Nowhere in you original post do you mention bit depth. Bit depth has a lot to do with shadow detail and shadow tonal resolution, but rarely causes a problem with highlight detail - it was the mention of loss of highlight detail that suggested to me that you were referring to a dynamic range problem rather than a bit depth (tonal resolution) problem. 

If the sensor has an adequate dynamic range (ie the shadow and highlight luminances are clear of the sensor's threshold above the noise floor and saturation values respectively) then the ability to record detail in the shadows, _but not the highlights_, will be limited by the bit depth of the ADC (not always the sensor itself, but I appreciate that you are using 'sensor' to mean the sensor-ADC combination, as is common practice). The over-riding factor is that the sensor must have adequate dynamic range.

Best,
Helen


----------



## Moglex (Sep 1, 2008)

Bifurcator said:


> @Helen,


There's a PM facility for personal messages. 



> That's how I see all threads where the person is specifically asking about HDR from a state of confusion. It's not a case of both sides being right.
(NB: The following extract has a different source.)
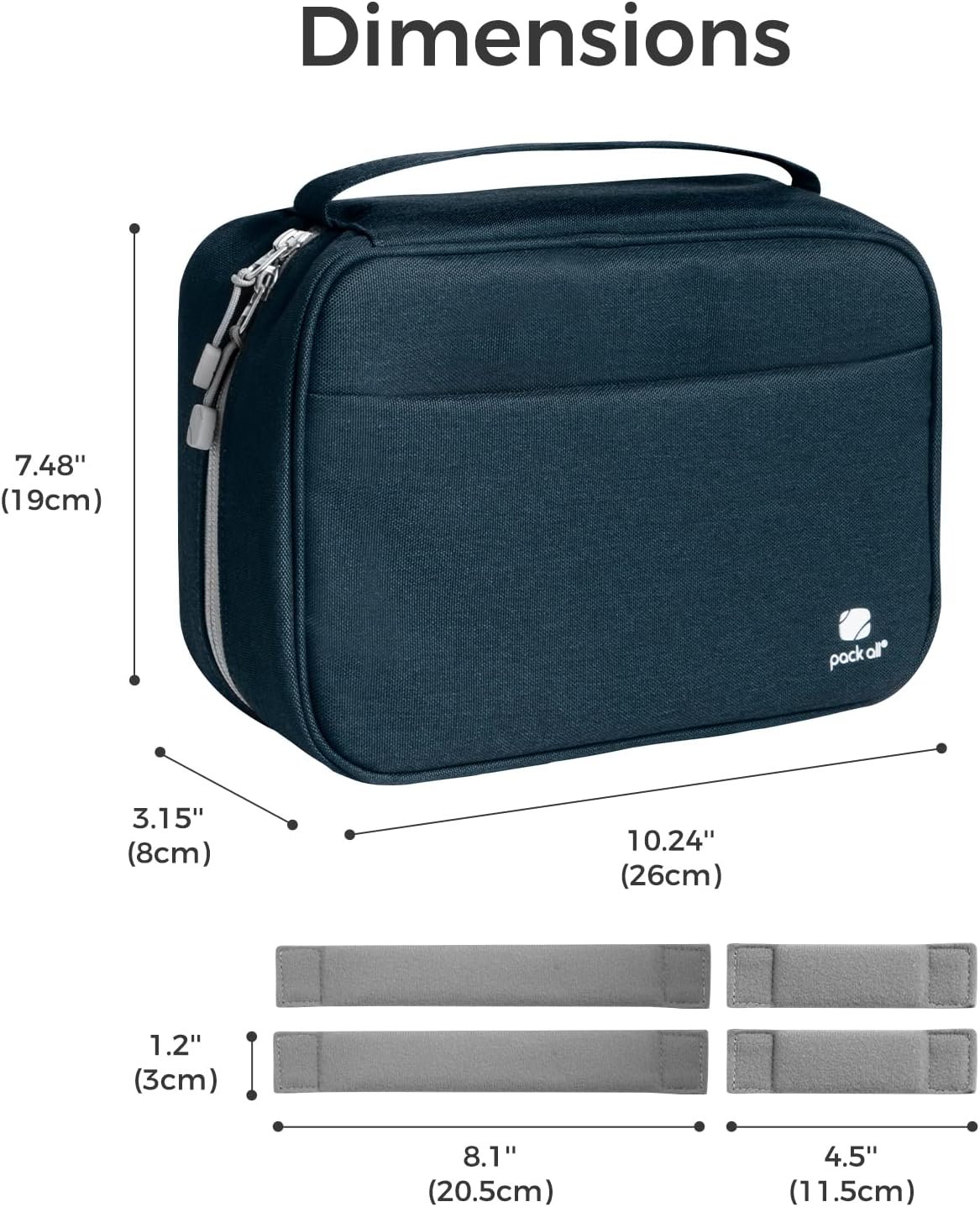 pack all Electronic Organizer Plus, Larger Capcity Cable Organizer Bag, Shockproof Carrying Case, Portable Cord Travel Organizer Storage Bag for Cables, Chargers, Phones, USB, SD Cards(Navy Blue)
It's a case fact vrs. fantasy.



All you are saying here is that you are taking a dog in a manger approach and insisting that you and only you are correct when that simply isn't the case.
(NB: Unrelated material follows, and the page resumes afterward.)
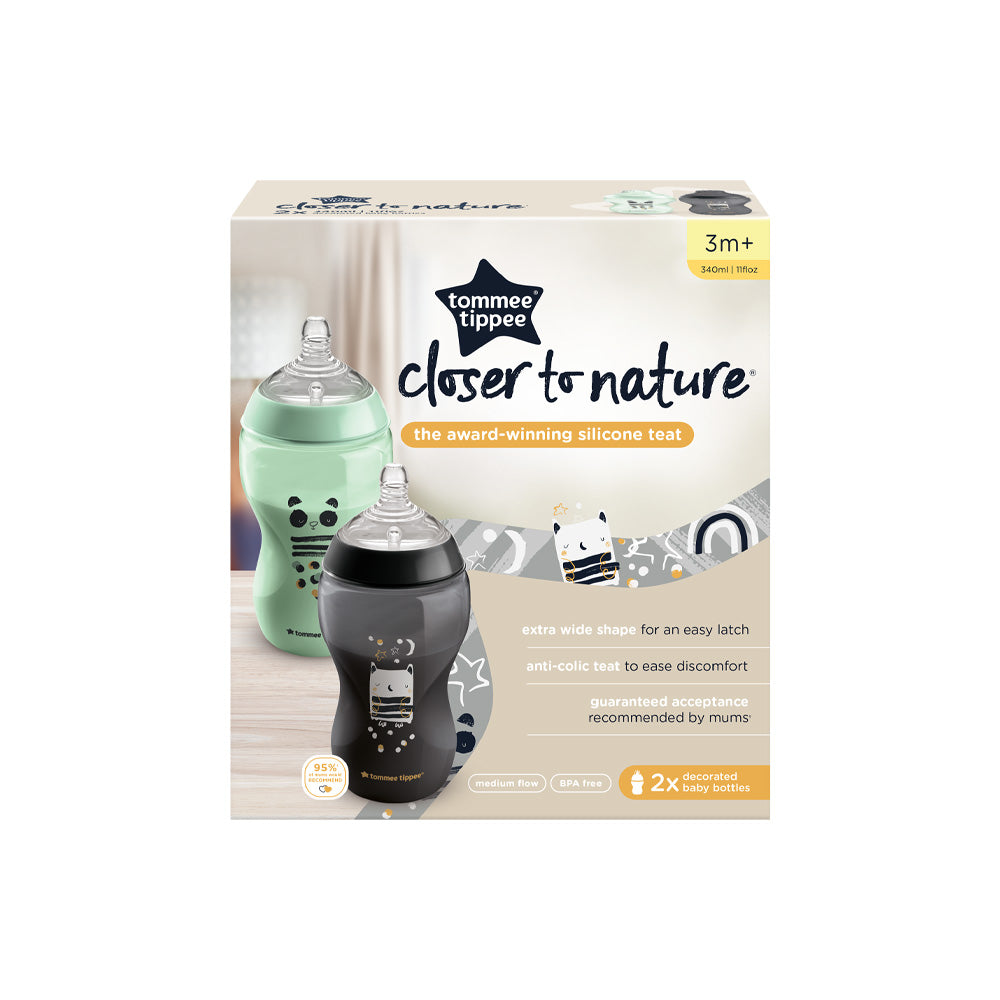 Closer To Nature Panda Bottles Medium Flow Pack Of 2 3M+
You are insisting that HDR means one thing: a specific scientific meaning that cannot really relate to photography as practiced by the members of this group since there is no current, practical, way to display the result.
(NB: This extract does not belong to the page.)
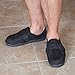 Home-X Adjustable Memory Foam Slippers - Black (Large (women’s 11-12; men’s 9-10))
In actual fact the term long ago bifurcated to mean, in addition to its original meaning: a series of processes to allow an photographic output to represent a *H*igher *D*ynamic *R*ange than it would otherwise be able to. (Personally I consider the 'dynamic' to be little more than a noise word originally included to make the TLA more impressive :mrgreen.

I wonder what sort of a state you get into when someone used the term 'ATM' to mean 'Asynchronous Transfer Method'.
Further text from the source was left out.